*Required action*
Among the records that follow, set down only the lines from the one containing "Hello, let's solve" to the one containing "Since a trapezoid", both included, exactly.

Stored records
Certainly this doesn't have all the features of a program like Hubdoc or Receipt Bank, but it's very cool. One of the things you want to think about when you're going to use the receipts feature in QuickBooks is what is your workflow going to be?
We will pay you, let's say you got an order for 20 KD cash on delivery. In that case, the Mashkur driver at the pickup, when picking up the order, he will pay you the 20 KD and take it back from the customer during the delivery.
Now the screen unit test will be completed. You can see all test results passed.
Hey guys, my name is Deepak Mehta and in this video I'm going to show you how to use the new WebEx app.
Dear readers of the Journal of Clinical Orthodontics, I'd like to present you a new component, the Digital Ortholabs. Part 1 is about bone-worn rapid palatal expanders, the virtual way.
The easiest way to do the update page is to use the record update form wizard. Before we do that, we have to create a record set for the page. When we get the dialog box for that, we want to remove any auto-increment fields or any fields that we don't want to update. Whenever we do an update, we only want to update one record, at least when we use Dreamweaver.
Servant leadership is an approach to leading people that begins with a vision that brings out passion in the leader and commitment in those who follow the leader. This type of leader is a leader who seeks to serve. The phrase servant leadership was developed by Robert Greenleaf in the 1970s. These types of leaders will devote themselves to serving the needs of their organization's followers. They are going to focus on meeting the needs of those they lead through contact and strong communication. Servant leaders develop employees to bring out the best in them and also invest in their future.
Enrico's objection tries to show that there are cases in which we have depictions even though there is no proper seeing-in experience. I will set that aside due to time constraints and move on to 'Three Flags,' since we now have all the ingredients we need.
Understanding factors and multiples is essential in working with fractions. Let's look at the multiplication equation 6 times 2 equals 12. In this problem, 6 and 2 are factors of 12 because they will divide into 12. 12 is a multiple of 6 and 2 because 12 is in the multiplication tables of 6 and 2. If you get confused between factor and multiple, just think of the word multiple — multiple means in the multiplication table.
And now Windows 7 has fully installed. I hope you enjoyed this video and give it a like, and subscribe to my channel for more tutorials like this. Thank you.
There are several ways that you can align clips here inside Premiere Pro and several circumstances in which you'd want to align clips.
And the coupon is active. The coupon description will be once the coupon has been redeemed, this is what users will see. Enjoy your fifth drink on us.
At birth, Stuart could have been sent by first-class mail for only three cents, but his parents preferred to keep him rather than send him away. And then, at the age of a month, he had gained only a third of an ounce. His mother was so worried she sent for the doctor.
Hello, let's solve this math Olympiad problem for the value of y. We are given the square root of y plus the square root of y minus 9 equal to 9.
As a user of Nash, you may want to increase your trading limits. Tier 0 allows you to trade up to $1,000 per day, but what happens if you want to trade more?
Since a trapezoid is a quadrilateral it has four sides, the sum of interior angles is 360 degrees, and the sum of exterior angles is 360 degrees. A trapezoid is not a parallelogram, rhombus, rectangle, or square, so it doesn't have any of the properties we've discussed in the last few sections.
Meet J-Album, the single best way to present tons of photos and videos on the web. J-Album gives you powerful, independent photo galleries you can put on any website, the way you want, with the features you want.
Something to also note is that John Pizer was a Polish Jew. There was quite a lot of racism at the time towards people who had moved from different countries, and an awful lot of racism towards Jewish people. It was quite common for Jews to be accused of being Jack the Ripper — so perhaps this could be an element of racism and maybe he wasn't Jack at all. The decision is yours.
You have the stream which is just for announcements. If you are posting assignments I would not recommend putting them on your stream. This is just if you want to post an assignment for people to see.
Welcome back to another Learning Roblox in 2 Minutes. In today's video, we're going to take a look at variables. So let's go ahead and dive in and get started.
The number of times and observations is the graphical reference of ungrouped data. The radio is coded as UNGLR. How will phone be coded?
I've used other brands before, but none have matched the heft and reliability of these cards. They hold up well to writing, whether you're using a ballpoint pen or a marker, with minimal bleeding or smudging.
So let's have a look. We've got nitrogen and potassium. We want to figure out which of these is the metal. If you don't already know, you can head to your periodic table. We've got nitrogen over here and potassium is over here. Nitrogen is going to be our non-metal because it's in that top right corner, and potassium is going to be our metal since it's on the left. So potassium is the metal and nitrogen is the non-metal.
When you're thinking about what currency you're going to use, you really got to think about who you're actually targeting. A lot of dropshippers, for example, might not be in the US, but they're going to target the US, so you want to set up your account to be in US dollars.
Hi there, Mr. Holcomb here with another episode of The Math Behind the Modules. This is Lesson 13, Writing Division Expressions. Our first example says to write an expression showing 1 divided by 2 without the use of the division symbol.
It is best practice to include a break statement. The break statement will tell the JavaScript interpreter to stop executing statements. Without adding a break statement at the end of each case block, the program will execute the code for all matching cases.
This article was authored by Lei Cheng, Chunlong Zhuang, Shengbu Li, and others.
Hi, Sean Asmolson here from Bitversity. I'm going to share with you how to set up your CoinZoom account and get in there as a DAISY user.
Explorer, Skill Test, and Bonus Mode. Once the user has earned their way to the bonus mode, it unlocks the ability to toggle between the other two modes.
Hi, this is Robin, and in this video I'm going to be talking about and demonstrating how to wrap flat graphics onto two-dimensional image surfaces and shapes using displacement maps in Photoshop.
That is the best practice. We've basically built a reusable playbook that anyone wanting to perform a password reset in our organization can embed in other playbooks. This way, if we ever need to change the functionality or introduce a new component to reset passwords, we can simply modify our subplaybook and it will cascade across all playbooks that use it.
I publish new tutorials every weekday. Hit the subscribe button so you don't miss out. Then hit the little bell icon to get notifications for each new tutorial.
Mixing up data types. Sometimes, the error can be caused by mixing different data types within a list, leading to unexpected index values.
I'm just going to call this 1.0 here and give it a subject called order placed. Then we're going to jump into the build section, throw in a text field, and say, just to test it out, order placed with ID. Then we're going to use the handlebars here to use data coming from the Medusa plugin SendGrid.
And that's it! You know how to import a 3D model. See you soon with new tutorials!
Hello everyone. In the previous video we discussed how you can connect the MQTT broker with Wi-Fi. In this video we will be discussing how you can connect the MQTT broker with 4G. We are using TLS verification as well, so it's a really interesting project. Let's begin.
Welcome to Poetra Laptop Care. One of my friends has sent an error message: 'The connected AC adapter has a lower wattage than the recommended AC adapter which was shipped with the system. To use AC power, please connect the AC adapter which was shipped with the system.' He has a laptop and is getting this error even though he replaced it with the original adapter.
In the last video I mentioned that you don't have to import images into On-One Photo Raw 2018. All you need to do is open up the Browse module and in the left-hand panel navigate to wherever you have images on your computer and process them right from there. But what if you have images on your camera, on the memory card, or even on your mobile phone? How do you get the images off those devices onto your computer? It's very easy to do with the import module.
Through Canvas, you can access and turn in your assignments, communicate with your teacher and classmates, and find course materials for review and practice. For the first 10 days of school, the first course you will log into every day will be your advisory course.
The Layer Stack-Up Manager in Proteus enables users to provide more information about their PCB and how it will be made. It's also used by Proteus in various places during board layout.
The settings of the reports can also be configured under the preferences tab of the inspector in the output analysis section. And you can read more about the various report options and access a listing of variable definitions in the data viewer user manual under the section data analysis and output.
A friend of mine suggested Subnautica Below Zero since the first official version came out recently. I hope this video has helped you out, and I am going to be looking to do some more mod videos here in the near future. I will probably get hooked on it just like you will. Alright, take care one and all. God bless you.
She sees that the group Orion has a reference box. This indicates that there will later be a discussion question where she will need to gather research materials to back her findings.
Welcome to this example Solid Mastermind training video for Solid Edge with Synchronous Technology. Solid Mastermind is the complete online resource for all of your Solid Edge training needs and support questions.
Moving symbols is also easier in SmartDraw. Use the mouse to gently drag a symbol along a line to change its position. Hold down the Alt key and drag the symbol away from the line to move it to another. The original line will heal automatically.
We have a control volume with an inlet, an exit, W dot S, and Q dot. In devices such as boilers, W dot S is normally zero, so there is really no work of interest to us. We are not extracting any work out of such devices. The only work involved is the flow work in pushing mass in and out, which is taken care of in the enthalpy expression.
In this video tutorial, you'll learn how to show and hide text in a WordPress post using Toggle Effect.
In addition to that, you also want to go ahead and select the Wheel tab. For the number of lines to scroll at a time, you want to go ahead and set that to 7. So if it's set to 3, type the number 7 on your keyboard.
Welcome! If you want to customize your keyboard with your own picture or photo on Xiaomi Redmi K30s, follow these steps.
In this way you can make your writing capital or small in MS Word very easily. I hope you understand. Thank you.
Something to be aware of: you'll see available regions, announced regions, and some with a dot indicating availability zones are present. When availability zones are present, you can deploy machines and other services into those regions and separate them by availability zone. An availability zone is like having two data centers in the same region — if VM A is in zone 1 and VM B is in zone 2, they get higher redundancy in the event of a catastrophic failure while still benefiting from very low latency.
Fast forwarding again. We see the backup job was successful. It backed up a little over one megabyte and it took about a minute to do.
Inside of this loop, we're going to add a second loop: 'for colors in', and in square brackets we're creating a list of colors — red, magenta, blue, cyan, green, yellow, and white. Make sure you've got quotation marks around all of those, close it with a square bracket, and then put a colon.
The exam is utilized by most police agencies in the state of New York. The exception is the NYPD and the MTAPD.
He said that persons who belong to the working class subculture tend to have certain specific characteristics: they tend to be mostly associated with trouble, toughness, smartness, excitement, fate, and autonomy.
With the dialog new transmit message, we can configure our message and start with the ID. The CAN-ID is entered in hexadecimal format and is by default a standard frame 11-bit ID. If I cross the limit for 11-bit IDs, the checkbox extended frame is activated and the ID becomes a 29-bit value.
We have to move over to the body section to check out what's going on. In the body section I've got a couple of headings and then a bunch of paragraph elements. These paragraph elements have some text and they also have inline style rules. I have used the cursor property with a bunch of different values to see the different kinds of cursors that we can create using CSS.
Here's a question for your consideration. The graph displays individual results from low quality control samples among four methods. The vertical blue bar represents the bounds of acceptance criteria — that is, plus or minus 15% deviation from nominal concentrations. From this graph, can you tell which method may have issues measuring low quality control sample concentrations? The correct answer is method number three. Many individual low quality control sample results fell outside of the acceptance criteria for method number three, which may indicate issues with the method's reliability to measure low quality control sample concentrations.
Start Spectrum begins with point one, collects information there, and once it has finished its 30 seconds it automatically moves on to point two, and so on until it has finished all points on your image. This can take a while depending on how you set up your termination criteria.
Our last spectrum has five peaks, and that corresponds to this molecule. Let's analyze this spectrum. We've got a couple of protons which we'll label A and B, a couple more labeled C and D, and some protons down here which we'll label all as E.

*Output for this task*
Hello, let's solve this math Olympiad problem for the value of y. We are given the square root of y plus the square root of y minus 9 equal to 9.
As a user of Nash, you may want to increase your trading limits. Tier 0 allows you to trade up to $1,000 per day, but what happens if you want to trade more?
Since a trapezoid is a quadrilateral it has four sides, the sum of interior angles is 360 degrees, and the sum of exterior angles is 360 degrees. A trapezoid is not a parallelogram, rhombus, rectangle, or square, so it doesn't have any of the properties we've discussed in the last few sections.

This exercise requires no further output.